Sven Anders Hedin, am 19. Februar 1865 in Stockholm geboren, bricht gleich nach dem Abitur nach Asien auf. Er arbeitet zunächst in Baku, zieht weiter nach Teheran, besucht Ishfahan, fährt den Tigris flussaufwärts bis Bagdad und kehrt von dort über Teheran, den Kaukasus, das Schwarze Meer und Konstantinopel im Herbst 1886 nach Schweden zurück. 21 Jahre ist er alt, als er seine erste große Reise beendet. Ein Jahr später veröffentlicht er sein erstes Buch. Einen Reisebericht mit dem Titel "Durch Persien, Mesopotamien und Kaukasien".
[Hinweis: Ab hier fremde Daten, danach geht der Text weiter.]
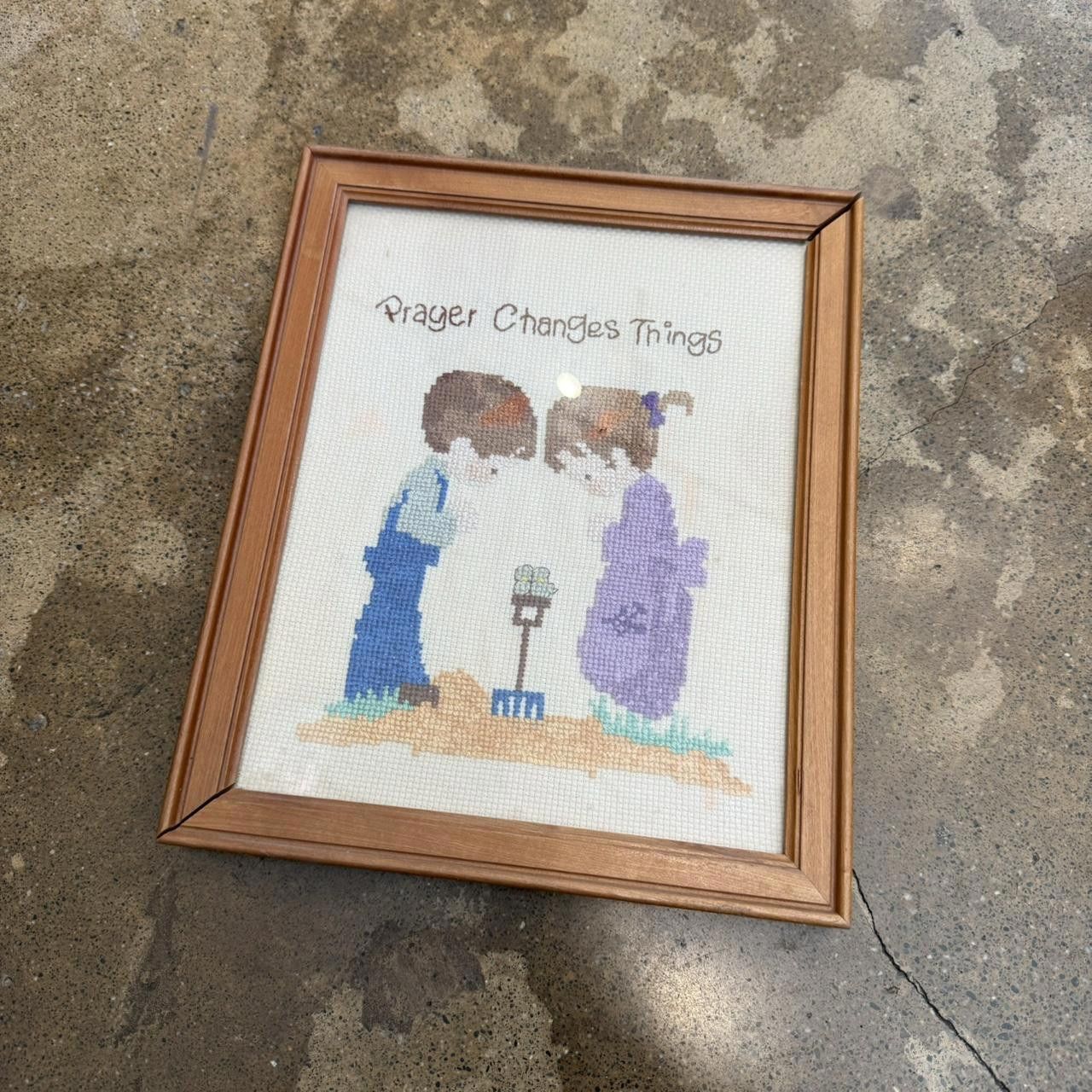 Designer Framed "Prayer Changes Things" Cross Stitch Art Size ONE SIZE - 2 Thumbnail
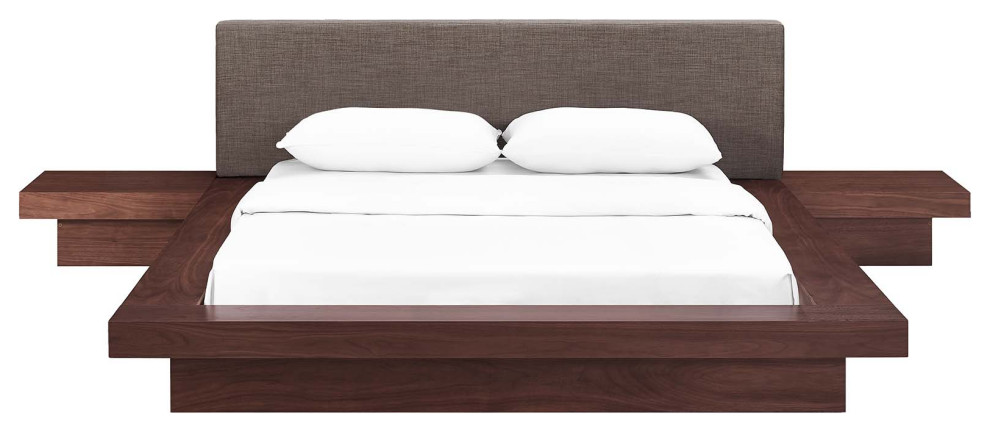 Freja 3-Piece Queen Upholstered Fabric Bedroom Set, Walnut Brown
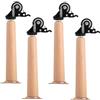 DSWZLQDXB 4 Piedini per Mobili con Rotelle con freno Gambe per Mobili In Legno Massello Forma Rotonda Piedino di Sostituzione Gamba del Tavolo Piedi del Divano (30CM,straight cone)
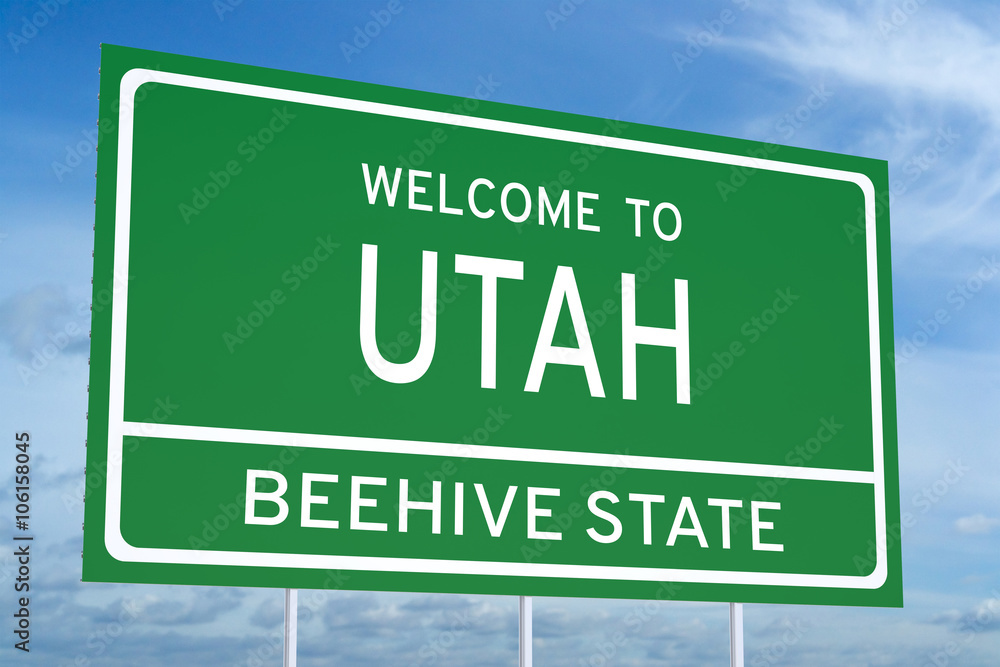 Welcome to Utah state road sign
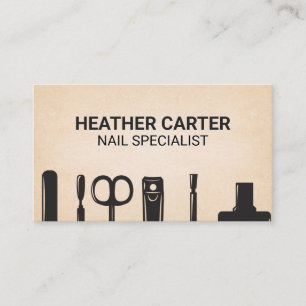 Cartão De Horário Ferramentas de Manicure de unhas   Compromisso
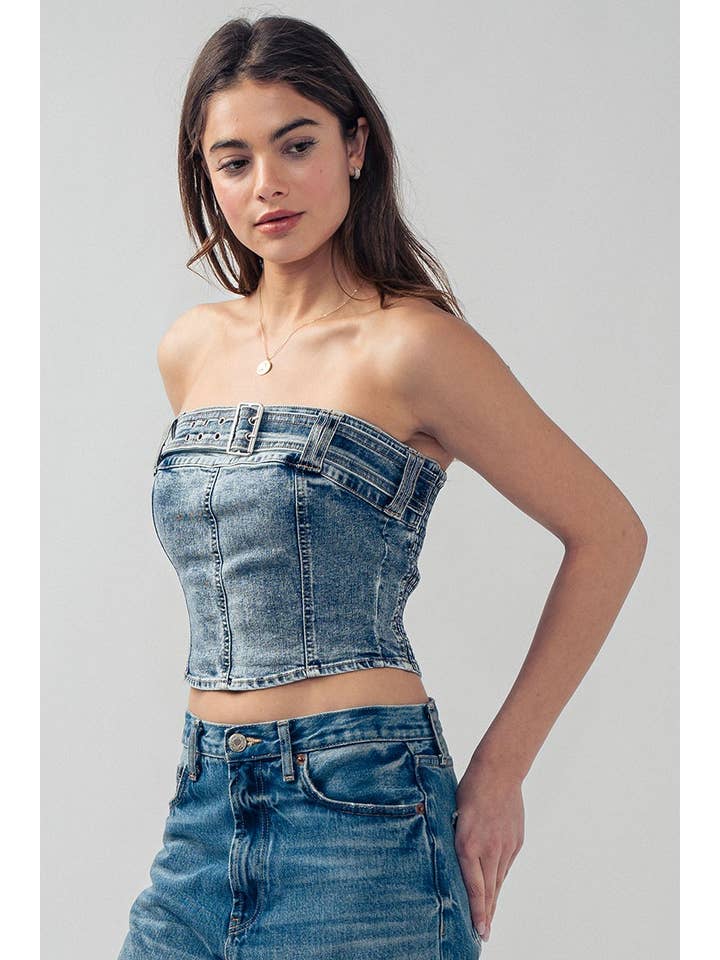 Fashion Week - Wholesale Corset - Women's - Vintage Vibes Denim Corset Top4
Mit dem Buch macht sich Hedin einen Namen, doch ihm fehlt die wissenschaftliche Anerkennung. In Berlin beginnt er deshalb im November 1889 ein Geografie-Studium. Aber schon ein halbes Jahr später reist er erneut nach Persien und bis an den Westrand der Wüste Taklamakan. Zwei Bücher folgen, und - wegen des Titels - eine Promotion:
"Er wollte möglichst schnell und möglichst einfach promovieren. Und er ist dann letztendlich promoviert worden mit einem Aufsatz, den er schon mal woanders publiziert hatte, der 16 Seiten hatte."
Zitat Sven Hedin:
"Ich war zu früh auf die wilden Wege Asiens hinausgekommen, ich hatte zuviel von der Pracht und Herrlichkeit des Orients, von der Stille der Wüsten und der Einsamkeit der langen Wege verspürt. Ich konnte mich mit dem Gedanken nicht befreunden, wieder für längere Zeit auf der Schulbank zu sitzen."
Hedin: "Betrachte Hitler als einen der größten Menschen"
Schon bald gilt Hedin als Held, der keine Gefahren scheut. Besonders, nachdem er zwischen 1893 und 1897 das Pamir Gebirge, die Wüste Taklamakan und Nord-Tibet durchquerte. Tagelang irrte er durch die Wüste, verdurstete fast und konnte sich doch retten:
"Dann trank ich und trank und trank. Das Wasser war kalt, kristallklar und süß wie das beste Quellwasser. Ich fühlte mich erquickt und neubelebt. Dann trank ich wieder und streichelte das Wasser dieses gesegneten Tümpels, den ich Choda-verdi-köll taufte, 'den von Gott geschenkten See'."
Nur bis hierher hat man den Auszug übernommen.